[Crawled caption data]
▬▬▬▬▬▬
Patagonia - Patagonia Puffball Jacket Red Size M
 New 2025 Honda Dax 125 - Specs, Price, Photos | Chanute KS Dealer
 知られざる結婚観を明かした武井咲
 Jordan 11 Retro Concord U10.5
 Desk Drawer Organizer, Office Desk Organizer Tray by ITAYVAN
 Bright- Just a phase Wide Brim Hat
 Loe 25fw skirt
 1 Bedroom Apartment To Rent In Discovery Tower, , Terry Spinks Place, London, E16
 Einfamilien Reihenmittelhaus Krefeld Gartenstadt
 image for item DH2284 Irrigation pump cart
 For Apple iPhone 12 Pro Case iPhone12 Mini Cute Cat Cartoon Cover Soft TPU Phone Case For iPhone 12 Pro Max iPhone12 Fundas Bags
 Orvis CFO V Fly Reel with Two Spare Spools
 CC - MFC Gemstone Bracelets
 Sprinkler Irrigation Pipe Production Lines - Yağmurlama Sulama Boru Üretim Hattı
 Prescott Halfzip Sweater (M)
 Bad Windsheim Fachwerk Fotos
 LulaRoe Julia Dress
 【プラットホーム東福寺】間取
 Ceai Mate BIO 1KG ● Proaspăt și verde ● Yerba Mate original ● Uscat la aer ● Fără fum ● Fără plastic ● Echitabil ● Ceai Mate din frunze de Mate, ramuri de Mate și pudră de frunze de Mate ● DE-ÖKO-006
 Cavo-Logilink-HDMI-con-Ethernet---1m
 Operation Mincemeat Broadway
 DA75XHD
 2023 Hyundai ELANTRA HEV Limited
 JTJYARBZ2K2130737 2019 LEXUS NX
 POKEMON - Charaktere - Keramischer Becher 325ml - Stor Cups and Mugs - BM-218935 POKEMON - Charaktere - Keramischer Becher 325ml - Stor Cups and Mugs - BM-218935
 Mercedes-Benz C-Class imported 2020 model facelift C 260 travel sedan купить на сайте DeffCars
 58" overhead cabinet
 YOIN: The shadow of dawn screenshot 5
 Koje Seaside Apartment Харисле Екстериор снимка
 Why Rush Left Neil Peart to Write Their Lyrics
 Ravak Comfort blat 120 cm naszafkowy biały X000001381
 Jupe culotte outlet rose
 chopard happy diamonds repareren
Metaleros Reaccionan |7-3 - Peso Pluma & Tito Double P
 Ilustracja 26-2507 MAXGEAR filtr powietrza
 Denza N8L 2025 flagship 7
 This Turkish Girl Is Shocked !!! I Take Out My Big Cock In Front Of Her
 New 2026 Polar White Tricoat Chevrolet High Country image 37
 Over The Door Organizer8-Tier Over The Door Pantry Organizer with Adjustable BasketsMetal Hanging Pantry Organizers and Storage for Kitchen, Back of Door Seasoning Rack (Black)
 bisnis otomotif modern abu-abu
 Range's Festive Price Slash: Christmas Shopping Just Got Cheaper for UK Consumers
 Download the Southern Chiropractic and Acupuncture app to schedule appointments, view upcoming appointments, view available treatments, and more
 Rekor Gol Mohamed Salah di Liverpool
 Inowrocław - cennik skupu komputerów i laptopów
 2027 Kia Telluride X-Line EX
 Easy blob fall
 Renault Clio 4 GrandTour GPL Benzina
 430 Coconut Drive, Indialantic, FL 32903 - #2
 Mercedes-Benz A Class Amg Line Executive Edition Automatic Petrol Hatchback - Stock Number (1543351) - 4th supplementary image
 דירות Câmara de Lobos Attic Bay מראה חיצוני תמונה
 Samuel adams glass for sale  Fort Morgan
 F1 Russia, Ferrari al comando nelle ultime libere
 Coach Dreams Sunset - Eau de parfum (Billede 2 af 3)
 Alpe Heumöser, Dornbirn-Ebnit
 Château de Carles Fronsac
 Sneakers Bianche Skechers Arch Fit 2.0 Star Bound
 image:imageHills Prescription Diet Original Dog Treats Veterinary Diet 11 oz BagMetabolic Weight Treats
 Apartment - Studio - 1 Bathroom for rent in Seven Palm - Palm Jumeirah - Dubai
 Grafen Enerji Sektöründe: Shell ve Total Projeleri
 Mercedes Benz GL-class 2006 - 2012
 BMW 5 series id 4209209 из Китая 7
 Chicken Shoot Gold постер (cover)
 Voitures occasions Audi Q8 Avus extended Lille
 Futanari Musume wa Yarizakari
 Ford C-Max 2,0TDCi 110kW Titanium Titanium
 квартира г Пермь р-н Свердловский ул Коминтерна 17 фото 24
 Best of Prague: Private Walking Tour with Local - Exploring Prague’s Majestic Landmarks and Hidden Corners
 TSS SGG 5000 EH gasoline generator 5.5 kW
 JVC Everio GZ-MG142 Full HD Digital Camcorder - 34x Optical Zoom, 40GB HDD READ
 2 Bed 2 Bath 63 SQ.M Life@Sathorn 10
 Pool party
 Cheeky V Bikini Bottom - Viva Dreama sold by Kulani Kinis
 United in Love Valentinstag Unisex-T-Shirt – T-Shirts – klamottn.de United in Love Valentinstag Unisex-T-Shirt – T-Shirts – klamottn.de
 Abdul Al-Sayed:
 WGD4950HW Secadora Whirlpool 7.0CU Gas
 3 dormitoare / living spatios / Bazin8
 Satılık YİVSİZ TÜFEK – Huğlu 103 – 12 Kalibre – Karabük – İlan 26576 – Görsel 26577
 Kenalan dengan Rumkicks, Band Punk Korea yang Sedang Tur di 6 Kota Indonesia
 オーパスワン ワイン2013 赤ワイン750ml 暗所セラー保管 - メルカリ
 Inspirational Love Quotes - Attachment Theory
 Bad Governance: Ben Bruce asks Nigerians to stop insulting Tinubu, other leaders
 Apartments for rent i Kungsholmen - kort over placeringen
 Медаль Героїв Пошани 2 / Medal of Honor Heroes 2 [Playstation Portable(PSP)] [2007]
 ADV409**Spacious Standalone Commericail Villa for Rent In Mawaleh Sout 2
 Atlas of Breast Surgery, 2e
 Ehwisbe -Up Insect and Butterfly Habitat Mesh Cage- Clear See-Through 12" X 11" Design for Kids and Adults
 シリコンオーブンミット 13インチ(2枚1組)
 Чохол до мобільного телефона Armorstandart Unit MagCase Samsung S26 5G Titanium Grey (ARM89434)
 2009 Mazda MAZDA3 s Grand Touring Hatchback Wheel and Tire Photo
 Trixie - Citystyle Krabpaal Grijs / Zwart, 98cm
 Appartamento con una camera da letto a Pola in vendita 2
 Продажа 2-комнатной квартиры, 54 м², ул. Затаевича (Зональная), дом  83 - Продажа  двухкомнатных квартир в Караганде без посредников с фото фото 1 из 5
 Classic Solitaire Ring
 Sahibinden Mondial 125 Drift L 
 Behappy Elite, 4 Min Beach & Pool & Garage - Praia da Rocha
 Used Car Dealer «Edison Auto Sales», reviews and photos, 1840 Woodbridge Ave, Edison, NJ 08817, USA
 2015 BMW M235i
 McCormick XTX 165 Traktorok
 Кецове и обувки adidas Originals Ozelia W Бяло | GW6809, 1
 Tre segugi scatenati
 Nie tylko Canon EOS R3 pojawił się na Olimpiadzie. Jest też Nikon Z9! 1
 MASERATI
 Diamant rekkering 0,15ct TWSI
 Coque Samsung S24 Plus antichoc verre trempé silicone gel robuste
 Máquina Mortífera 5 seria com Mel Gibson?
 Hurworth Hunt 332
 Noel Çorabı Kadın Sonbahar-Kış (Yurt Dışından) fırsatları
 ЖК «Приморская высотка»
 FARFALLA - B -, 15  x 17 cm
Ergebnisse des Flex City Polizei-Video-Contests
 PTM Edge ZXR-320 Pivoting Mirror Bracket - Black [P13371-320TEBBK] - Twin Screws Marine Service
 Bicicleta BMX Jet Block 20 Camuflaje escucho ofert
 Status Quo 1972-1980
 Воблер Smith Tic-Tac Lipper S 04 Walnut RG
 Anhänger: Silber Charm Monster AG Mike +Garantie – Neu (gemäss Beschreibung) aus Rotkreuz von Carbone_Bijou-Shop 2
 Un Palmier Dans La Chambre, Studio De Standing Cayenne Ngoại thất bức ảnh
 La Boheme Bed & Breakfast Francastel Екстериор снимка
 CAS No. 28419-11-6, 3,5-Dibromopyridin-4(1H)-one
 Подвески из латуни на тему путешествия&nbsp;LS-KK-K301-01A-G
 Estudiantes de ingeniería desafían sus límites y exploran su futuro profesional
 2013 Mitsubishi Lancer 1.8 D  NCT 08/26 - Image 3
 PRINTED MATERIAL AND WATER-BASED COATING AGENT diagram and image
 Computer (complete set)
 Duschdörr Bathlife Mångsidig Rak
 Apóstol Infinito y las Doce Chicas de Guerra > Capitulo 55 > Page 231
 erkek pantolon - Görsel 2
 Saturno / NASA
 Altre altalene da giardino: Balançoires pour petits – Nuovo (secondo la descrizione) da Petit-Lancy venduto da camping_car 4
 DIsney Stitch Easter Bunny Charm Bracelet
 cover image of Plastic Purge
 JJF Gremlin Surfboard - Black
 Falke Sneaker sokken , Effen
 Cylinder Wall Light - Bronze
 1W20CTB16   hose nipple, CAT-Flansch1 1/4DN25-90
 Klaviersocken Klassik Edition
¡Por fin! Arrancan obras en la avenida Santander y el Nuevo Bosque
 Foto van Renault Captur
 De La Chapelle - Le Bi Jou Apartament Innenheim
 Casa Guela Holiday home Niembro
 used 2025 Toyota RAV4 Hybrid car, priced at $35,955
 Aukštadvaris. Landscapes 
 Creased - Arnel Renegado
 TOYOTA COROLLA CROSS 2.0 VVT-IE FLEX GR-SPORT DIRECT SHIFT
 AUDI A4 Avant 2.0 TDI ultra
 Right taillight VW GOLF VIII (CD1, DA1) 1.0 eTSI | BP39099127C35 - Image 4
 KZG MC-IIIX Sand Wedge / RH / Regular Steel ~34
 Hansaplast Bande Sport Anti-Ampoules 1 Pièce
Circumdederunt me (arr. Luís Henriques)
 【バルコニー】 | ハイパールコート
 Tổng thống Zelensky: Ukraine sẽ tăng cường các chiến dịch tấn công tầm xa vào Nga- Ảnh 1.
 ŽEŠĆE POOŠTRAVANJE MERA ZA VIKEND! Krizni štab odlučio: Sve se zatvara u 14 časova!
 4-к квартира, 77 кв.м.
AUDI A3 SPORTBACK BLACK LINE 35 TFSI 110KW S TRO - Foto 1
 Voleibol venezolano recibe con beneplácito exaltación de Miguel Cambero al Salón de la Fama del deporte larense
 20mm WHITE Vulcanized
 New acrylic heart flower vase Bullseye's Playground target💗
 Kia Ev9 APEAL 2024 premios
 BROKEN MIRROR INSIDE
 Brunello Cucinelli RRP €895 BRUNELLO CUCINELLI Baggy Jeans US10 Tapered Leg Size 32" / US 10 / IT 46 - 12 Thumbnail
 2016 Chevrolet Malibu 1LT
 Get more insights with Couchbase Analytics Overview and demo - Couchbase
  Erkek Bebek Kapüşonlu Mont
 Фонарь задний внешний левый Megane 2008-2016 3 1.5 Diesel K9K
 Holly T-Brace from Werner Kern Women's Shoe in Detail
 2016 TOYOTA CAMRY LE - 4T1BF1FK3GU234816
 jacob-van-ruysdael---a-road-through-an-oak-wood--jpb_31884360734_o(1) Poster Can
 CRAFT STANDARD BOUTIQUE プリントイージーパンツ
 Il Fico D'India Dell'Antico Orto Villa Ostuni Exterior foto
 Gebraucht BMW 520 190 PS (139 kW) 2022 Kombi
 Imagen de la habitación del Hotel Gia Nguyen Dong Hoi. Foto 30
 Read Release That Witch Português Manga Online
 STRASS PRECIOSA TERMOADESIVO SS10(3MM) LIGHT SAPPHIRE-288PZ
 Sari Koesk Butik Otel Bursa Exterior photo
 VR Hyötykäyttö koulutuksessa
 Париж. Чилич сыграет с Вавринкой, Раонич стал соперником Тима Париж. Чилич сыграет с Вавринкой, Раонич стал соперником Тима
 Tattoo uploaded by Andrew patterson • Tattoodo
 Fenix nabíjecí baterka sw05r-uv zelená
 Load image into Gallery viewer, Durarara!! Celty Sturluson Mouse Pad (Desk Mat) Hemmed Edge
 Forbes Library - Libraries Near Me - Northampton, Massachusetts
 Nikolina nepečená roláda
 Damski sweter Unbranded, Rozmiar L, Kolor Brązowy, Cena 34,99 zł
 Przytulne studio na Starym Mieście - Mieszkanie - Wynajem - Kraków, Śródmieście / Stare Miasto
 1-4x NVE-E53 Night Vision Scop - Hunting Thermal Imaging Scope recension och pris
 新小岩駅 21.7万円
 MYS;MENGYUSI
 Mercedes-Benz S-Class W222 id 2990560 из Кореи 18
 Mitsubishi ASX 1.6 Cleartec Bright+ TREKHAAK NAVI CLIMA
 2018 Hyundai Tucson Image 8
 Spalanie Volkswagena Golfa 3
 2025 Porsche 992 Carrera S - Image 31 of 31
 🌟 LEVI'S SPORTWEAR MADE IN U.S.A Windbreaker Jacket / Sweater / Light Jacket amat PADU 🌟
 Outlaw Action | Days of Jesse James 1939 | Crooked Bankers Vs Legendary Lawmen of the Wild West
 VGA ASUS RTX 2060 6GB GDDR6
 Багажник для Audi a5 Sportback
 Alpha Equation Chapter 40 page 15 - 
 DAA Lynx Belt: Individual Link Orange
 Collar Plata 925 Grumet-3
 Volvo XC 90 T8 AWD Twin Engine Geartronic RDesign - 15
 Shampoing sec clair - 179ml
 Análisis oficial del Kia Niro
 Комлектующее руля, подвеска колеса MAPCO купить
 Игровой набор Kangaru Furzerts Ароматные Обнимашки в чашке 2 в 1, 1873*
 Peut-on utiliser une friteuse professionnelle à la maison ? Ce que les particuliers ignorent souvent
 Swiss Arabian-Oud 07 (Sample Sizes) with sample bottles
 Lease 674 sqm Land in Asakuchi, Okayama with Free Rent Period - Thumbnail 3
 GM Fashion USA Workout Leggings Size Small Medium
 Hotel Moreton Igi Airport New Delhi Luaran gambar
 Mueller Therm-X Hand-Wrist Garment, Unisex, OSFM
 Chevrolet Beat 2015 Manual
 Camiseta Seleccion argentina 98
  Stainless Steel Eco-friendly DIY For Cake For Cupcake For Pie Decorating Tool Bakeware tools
▬▬▬▬▬▬
Task objective: In the data above, retype exactly and only the lines between the one holding "Ceai Mate BIO" and the one holding "Renault Clio 4 GrandTour GPL Benzina", inclusive.

Answer to the problem:
 Ceai Mate BIO 1KG ● Proaspăt și verde ● Yerba Mate original ● Uscat la aer ● Fără fum ● Fără plastic ● Echitabil ● Ceai Mate din frunze de Mate, ramuri de Mate și pudră de frunze de Mate ● DE-ÖKO-006
 Cavo-Logilink-HDMI-con-Ethernet---1m
 Operation Mincemeat Broadway
 DA75XHD
 2023 Hyundai ELANTRA HEV Limited
 JTJYARBZ2K2130737 2019 LEXUS NX
 POKEMON - Charaktere - Keramischer Becher 325ml - Stor Cups and Mugs - BM-218935 POKEMON - Charaktere - Keramischer Becher 325ml - Stor Cups and Mugs - BM-218935
 Mercedes-Benz C-Class imported 2020 model facelift C 260 travel sedan купить на сайте DeffCars
 58" overhead cabinet
 YOIN: The shadow of dawn screenshot 5
 Koje Seaside Apartment Харисле Екстериор снимка
 Why Rush Left Neil Peart to Write Their Lyrics
 Ravak Comfort blat 120 cm naszafkowy biały X000001381
 Jupe culotte outlet rose
 chopard happy diamonds repareren
Metaleros Reaccionan |7-3 - Peso Pluma & Tito Double P
 Ilustracja 26-2507 MAXGEAR filtr powietrza
 Denza N8L 2025 flagship 7
 This Turkish Girl Is Shocked !!! I Take Out My Big Cock In Front Of Her
 New 2026 Polar White Tricoat Chevrolet High Country image 37
 Over The Door Organizer8-Tier Over The Door Pantry Organizer with Adjustable BasketsMetal Hanging Pantry Organizers and Storage for Kitchen, Back of Door Seasoning Rack (Black)
 bisnis otomotif modern abu-abu
 Range's Festive Price Slash: Christmas Shopping Just Got Cheaper for UK Consumers
 Download the Southern Chiropractic and Acupuncture app to schedule appointments, view upcoming appointments, view available treatments, and more
 Rekor Gol Mohamed Salah di Liverpool
 Inowrocław - cennik skupu komputerów i laptopów
 2027 Kia Telluride X-Line EX
 Easy blob fall
 Renault Clio 4 GrandTour GPL Benzina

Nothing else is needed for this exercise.